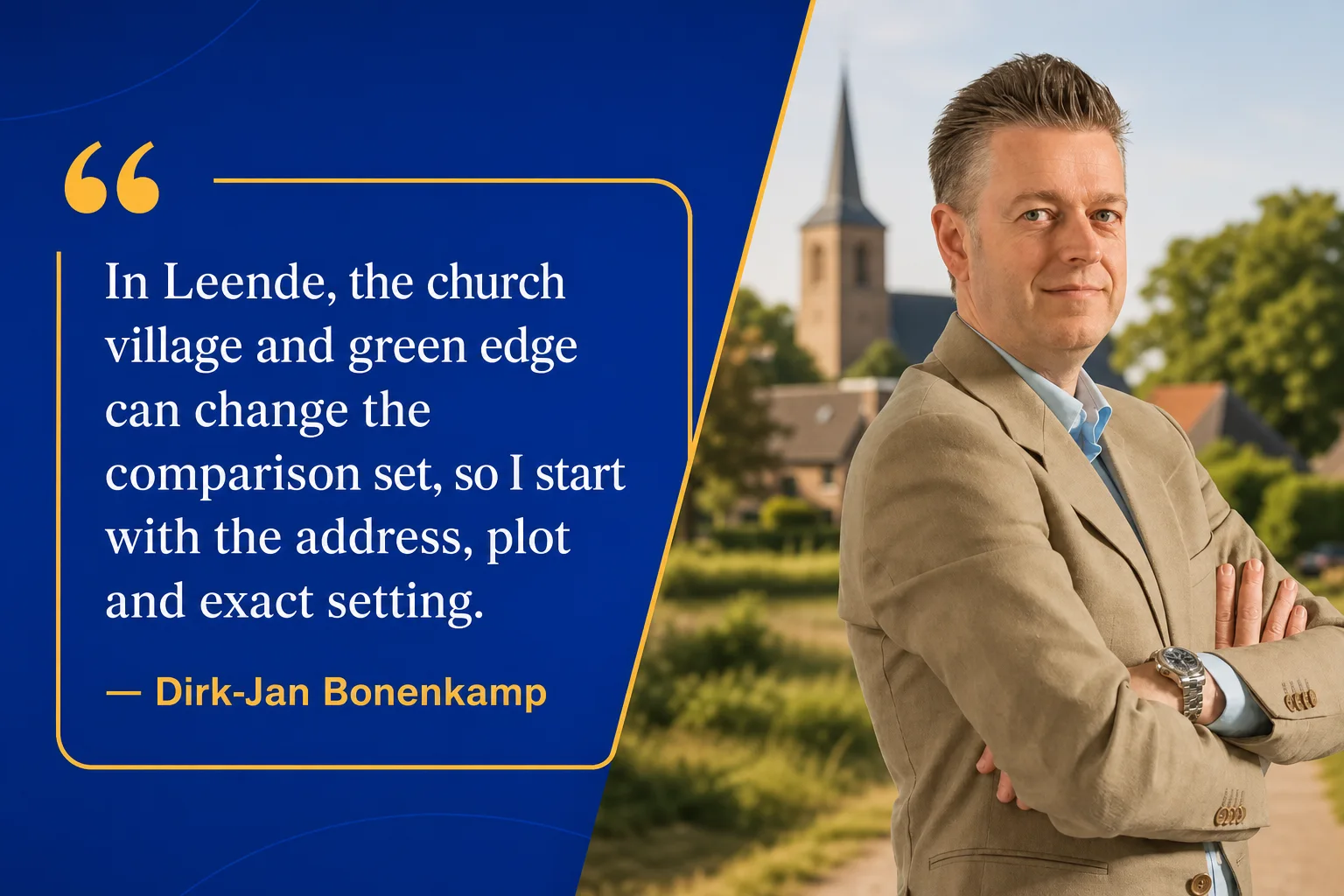 Dirk-Jan Bonenkamp explaining why Leende's church village and green edge affect comparable selection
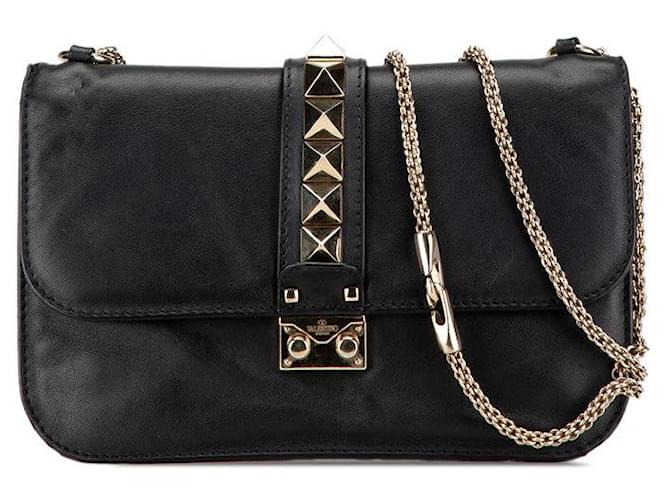 Borsa a spalla in pelle Valentino Rockstuds Nero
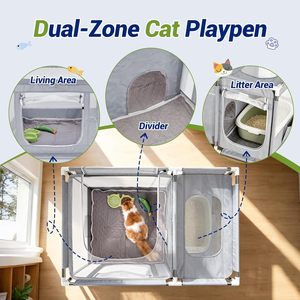 2-in-1 Katzenlaufstall mit Katzenklo-Bereich, wasserdichte Matte, Hundegehege, Indoor-Haustierzelt für Kätzchen/Welpen – Nylon, Edelstahl, leicht - Product Image 2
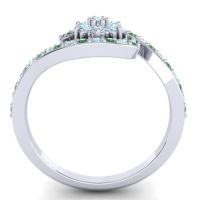 Simple Floral Pave Bypass Plava Ring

******

From the first line above down to the line with "2-in-1 Katzenlaufstall mit", reproduce every line and no others, omitting pictures.

**Exercise solution**
 Dirk-Jan Bonenkamp explaining why Leende's church village and green edge affect comparable selection
 Borsa a spalla in pelle Valentino Rockstuds Nero
 2-in-1 Katzenlaufstall mit Katzenklo-Bereich, wasserdichte Matte, Hundegehege, Indoor-Haustierzelt für Kätzchen/Welpen – Nylon, Edelstahl, leicht - Product Image 2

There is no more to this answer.